Figure 1(a) shows the XRD patterns of the as-synthesized VO2 nanobelts. All the peaks can be well indexed to the monoclinic phase of VO2 (JCPDS No. 65-7960). The XRD pattern in Fig. 1(b) shows a pure orthorhombic V2O5 (JCPDS No. 41-1426), indicating that the annealing at 350 °C results in a complete transformation of monoclinic VO2 to orthorhombic V2O5. It is thought that the phase transformation under the gentle annealing is related to the unique ultrathin feature of VO2 nanobelts. Strong and sharp XRD peaks in Figs. 1(a) and 1(b) indicate the good crystallinities of the samples.

Fig. 1. XRD patterns and SEM images of (a), (c)–(e) VO2 nanobelts, (b) and (f) V2O5 nanobelts. The inset in panel (f) shows the TEM image of a single bundle of stacked V2O5 nanobelts.

Figures 1(c)1(e) show the typical scanning electron microscope (SEM) images of the VO2 nanobelts. The low-magnification images in Figs. 1(c) and 1(d) reveal a homogeneous phase of well-defined nanobelts with lengths on the order of several micrometers. The nanobelts grow upward and display a rough alignment morphology. The enlarged SEM image in Fig. 1(e) clearly shows that the VO2 nanobelts have thickness values ranging from 10 nm to 20 nm and widths in a range of 50 nm–150 nm. Notably, the as-synthesized VO2 nanobelts are ultrathin, as evidenced by the nearly semitransparent appearance. This kind of ultrathin-structured 1D nanobelt is very favorable for applications in nanoelectronic and nanophotonic devices due to the extremely high surface-to-volume ratio. Furthermore, the ultrathin feature ensures the following successful transformation of a VO2 nanobelt into a V2O5 nanobelt with a nearly unchanged morphology under a mild annealing at 350 °C. The high magnification SEM image in Fig. 1(f) shows that the V2O5 nanobelts still keep semitransparent.

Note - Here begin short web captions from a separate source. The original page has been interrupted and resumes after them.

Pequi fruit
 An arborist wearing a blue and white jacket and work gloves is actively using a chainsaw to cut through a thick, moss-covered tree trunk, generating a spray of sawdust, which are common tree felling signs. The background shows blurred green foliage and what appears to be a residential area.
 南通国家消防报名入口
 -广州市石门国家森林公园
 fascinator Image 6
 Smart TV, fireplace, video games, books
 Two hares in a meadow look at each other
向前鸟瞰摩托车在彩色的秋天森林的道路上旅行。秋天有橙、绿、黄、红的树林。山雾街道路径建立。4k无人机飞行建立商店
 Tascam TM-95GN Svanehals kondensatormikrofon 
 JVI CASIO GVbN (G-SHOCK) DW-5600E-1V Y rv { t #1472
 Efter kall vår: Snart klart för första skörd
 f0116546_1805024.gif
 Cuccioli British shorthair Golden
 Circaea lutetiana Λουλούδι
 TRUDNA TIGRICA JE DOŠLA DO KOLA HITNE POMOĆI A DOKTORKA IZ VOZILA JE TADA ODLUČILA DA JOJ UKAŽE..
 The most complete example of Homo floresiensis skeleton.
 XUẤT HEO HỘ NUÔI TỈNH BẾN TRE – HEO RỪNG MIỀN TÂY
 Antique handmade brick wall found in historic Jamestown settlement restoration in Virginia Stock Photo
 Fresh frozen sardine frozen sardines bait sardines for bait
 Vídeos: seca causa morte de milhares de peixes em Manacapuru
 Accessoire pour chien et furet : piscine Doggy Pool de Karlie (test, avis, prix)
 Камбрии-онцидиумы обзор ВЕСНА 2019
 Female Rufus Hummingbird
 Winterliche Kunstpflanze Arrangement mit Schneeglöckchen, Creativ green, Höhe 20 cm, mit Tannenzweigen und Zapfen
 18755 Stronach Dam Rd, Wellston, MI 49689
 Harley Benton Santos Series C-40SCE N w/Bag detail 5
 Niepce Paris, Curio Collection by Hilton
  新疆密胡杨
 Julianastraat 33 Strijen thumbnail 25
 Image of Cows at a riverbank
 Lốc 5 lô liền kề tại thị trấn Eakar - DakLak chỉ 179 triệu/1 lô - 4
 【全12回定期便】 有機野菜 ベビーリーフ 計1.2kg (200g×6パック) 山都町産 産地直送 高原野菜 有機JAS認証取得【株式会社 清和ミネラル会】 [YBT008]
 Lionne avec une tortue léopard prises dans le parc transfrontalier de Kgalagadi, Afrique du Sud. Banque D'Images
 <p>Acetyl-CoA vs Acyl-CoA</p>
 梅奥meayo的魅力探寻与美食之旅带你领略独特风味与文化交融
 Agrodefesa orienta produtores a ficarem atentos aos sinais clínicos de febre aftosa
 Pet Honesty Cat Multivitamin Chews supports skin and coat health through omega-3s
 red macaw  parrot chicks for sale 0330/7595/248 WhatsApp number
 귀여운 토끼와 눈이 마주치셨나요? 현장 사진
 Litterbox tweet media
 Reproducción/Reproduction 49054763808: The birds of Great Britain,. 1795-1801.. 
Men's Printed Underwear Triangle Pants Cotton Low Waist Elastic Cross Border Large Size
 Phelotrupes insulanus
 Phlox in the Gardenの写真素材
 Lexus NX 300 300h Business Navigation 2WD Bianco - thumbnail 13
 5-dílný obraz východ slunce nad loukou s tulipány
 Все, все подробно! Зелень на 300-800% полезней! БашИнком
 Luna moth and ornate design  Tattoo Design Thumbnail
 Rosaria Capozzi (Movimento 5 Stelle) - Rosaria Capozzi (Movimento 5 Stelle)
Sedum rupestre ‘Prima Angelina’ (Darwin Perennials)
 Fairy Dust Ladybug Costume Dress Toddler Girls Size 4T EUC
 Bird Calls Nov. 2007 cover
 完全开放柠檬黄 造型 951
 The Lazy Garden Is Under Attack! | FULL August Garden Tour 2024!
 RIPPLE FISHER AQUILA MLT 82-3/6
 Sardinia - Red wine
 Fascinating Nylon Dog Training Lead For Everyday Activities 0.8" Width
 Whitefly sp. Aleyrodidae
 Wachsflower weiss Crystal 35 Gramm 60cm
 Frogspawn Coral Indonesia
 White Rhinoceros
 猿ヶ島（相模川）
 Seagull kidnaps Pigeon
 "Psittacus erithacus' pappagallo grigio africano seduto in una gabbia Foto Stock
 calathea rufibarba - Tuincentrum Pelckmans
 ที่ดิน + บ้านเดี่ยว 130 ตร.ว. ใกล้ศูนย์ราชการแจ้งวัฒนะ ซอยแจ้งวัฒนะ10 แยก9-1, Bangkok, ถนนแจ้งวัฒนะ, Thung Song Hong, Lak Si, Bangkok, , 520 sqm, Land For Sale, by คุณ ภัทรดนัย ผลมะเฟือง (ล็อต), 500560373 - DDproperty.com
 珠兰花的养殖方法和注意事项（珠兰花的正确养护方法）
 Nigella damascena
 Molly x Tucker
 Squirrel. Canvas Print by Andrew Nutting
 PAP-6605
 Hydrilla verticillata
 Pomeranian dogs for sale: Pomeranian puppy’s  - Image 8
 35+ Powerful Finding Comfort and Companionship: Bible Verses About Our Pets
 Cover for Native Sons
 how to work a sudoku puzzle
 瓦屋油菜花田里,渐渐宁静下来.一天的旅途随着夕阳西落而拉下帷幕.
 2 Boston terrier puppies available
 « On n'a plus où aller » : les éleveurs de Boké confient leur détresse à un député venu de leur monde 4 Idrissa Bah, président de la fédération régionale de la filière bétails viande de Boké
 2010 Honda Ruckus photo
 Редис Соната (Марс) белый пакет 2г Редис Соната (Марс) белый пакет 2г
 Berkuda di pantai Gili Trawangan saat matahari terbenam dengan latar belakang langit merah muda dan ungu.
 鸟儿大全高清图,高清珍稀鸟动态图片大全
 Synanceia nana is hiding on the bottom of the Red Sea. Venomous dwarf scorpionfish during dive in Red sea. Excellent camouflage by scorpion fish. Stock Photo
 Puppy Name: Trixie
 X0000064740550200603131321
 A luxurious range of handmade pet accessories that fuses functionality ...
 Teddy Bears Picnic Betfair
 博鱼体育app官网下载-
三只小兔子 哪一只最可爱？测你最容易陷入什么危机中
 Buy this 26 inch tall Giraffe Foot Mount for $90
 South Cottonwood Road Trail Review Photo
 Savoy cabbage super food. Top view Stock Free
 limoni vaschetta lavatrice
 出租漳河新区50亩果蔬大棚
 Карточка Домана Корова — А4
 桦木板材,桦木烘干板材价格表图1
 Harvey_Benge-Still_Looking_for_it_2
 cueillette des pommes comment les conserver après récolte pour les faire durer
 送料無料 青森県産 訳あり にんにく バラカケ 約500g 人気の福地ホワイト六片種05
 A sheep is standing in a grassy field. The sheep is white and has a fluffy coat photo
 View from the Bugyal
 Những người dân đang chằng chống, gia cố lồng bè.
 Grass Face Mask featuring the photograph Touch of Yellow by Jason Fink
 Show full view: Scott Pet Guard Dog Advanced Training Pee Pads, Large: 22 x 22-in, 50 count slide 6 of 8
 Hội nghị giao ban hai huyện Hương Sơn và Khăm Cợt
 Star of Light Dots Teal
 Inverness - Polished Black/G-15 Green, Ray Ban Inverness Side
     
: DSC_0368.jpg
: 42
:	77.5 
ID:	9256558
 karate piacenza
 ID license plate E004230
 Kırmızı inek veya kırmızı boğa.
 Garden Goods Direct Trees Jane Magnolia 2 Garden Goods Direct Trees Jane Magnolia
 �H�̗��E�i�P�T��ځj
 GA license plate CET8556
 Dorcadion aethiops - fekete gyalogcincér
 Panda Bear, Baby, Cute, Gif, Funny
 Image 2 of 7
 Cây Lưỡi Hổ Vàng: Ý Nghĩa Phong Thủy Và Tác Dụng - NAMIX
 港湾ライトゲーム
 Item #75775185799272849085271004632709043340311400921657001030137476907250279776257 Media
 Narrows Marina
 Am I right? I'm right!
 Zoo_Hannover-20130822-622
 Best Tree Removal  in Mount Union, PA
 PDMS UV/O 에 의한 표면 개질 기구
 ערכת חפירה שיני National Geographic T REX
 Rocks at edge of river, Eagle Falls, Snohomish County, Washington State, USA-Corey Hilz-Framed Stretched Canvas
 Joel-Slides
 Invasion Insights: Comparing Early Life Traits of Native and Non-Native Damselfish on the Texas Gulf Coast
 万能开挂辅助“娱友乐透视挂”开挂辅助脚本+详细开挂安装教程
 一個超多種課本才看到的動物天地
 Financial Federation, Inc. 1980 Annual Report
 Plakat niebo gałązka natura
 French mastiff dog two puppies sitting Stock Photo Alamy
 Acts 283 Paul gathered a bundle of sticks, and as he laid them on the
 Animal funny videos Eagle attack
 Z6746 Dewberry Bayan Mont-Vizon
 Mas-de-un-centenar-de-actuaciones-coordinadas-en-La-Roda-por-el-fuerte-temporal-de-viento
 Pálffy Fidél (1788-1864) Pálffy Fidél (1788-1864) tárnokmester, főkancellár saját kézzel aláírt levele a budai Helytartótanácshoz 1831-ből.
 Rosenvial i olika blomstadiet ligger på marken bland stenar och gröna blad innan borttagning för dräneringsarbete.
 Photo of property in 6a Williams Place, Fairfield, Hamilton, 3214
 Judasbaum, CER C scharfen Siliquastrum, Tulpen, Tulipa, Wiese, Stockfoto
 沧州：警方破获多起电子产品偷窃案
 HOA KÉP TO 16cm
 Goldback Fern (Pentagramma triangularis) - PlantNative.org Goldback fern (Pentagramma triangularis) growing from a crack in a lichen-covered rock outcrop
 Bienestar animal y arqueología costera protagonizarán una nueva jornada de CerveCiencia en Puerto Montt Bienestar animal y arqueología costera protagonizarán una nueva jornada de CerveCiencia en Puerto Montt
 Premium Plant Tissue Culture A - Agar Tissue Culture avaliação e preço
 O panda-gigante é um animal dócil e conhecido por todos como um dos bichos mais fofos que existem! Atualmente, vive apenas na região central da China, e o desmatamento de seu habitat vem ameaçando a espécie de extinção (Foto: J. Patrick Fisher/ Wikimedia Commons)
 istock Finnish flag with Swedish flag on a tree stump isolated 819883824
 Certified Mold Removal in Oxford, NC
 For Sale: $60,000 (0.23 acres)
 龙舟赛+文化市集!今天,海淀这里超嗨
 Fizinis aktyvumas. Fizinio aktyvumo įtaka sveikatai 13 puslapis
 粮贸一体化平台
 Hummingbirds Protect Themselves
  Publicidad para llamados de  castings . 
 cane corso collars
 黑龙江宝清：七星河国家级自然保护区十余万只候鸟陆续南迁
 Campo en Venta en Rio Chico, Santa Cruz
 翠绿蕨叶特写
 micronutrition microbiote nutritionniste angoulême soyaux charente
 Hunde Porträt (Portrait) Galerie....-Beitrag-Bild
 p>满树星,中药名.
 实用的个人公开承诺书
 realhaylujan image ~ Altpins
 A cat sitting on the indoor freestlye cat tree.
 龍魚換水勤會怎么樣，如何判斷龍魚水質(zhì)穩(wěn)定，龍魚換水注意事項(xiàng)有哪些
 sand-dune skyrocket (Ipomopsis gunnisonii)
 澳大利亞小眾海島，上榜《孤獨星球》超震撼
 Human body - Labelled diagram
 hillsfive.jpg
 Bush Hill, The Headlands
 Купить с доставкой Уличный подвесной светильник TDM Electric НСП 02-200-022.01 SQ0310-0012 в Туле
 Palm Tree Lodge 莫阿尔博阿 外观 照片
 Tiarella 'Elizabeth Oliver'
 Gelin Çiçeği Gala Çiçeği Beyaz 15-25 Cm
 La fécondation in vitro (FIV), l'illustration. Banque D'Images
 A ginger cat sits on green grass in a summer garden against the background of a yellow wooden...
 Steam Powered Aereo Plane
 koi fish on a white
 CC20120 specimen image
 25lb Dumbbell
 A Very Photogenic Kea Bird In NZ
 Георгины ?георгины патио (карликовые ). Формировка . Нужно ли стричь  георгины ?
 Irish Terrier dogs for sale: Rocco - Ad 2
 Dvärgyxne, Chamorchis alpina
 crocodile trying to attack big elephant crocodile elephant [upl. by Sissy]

Some thicker nanobelts are distinguished to be composed of several ultrathin nanobelts with face-to-face stacking. The inset in Fig. 1(f) gives the TEM image of a single bundle of stacked V2O5 nanobelts. Its legible microstructure indicates that the mild annealing at 350 °C avoids the lattice coalescence of adjacent nanobelts and maintains the original ultrathin feature of the nanobelts. The presented ultrathin V2O5 nanobelt is expected to be a promising candidate for a high sensitive gas sensor due to its perfect single crystal structure and limited thickness comparable to the Debye length.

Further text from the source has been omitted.